The land and building have been on the market since plans fell through for an 83-unit condominium facing Head Lake that was to be called One Sunnyside. It was also once planned as the Bluewater condominium, and Watercolours before that, but all of those developments fizzled out.
Bill Mardimae and his son, Phil, came to the council meeting with images of a Gardens of Parry Sound Retirement Residence that has recently opened in that town. They also had drawings of the proposed site that is located just west of the village, along Highway 118, across the road from the Granite Cove condominium and overlooking Head Lake.
Mardimae said he found out about the Haliburton area this past spring and came to visit in early summer. He said he drove around with former Haliburton County Development Corporation (HCDC) general manager Andy Campbell looking at sites in Minden and Haliburton but his company “really honed in on Haliburton.” He said they looked at four or five available lots before deciding to make an offer on 1 Sunnyside.
“Haliburton seemed to fit the model,” he said.
Campbell is part of a volunteer committee of Dysart council, that also includes Mayor Murray Fearrey and Kent Milford, Harvey Bates and Mike Johnson. Fearrey said HCDC did two studies on behalf of the group and CAO Tamara Wilbee, in the hopes of attracting seniors housing to Dysart et al. He said the volunteer committee had visited a seniors residence in Prince Edward County.
Fearrey told The Highlander in phone interview after the meeting that the committee had been endorsed by council and updates presented at economic development committee meetings.
“It was done very transparently,” Fearrey said.
During the council meeting, Fearrey said it might be looked at by some as a political opportunity for him in the lead up to the Oct. 22 election, however, he only met with Mardimae for the first time on July 18, along with Milford, and the two tried to encourage the owner-developer that Haliburton was a good place to do business. Mardimae emphasized the commercial development is in its early stages, with the sale of the property still conditional. He said they hoped to do soil testing in two weeks, which will determine actual placement of the building on the property.

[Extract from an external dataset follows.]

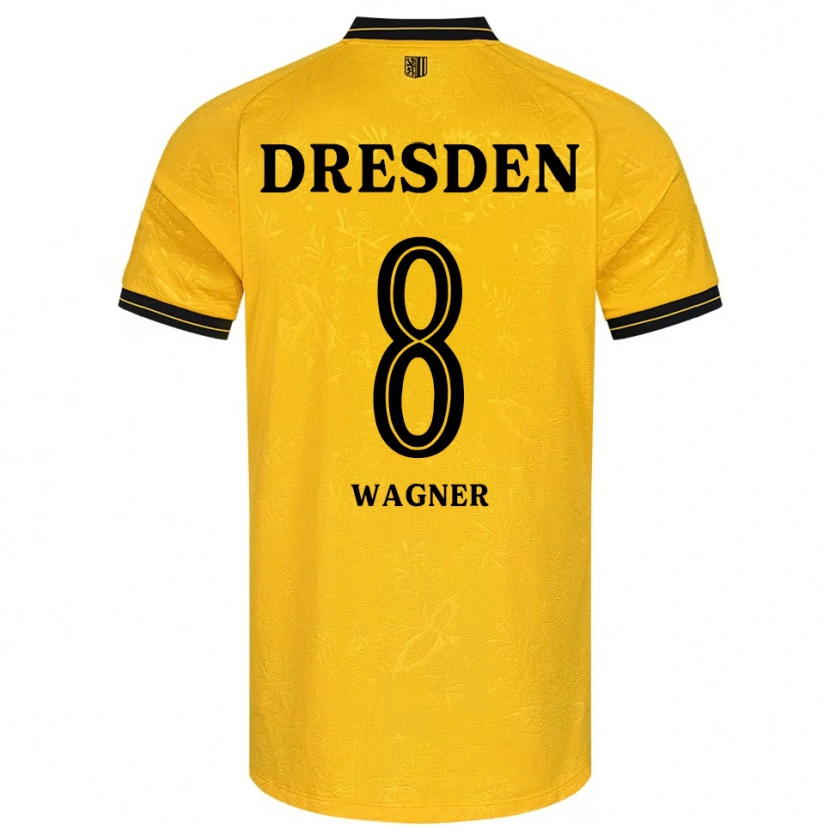 Danxen Dětské Robert Wagner #8 Žlutá Černá Domů Hráčské Dresy 2025/26 Dres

After that, they will be able to prepare preliminary drawings for the township. The current owners are also seeking some minor variances at committee of adjustment.

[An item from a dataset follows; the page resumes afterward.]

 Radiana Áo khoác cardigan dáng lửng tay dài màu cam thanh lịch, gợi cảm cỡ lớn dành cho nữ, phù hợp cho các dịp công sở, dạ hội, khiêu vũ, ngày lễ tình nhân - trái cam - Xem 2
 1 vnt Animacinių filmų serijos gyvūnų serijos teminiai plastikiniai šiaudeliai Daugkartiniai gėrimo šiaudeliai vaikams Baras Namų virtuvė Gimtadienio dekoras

These deal with size of units, number of parking spaces and loading spaces. It will be a multi-million-dollar development, four storeys in height and 75,000 square feet. They’ll begin with 74 units in phase one and eventually hope to build 120. Town planner Sue Harrison emphasized to council that there are still details to be worked out and studies to be done.

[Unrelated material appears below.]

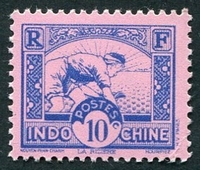 N°216-1941-INDOCHINE-RIZIERE-10C-BLEU S/ROSE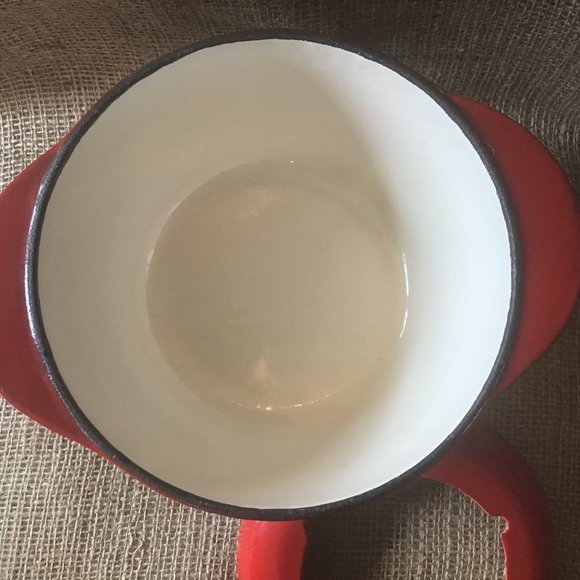 Cast Iron Enamel Fondue Set with Cast Iron Stand - Picture 4 of 12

“We have lots of work to do.” But, she said the Parry Sound residence had been very well received and said a similar Haliburton building “will enable more seniors to age in place … and stay in Haliburton as they age.”
“We do smaller retirement homes in smaller communities,” Mardimae told council. “Our heart is more in small buildings.”
Mardimae said the average age of their residents is 86 and they offer both independent and assisted living. He estimated it would require 30 full and part-time staff to operate, including a manager, director of nursing, dietician, housekeeping, maintenance and recreation personnel. People would basically rent either a bed-sitting or onebedroom unit, that can range in size from 400-600 square feet, with a threepiece bathroom, some with kitchenettes. However, they can have a package that includes three meals a day.
The residents also have things such as a dining room, restaurant, theatre, chapel and shuttle bus. Mardimae termed it “the life of a prince or princess.”
Asked by Coun. Dennis Casey what the cost would be, Mardimae said they didn’t have a number yet but estimated $3,000 to $5,000-a-month. Fearrey said it sounds like a lot of money but people have to realize it is an all-inclusive price. Fearrey said if the development goes ahead, it means that more than 70 people are going to sell their homes in Haliburton and move into the retirement suites, which will free up housing stock for young families, creating “a whole different dynamic in the community.”
He added he hoped the Mardimaes would use local contractors and resources to create further jobs. “I’m really excited about this. It’s good news. I hope nobody sees it as bad news.”
Deputy Mayor Andrea Roberts said it was exciting, with a property ready and waiting for development, when “we know this is a need in our community.”
Campbell, who attended the meeting with other members of the volunteer committee and representatives of CARP and the Ageing Well committee, said seniors housing was in everybody’s strategic plan and he was excited about working with the Mardimaes. Mardimae said they hope to begin construction in the spring.
LISA GERVAIS is the editor for The Highlander.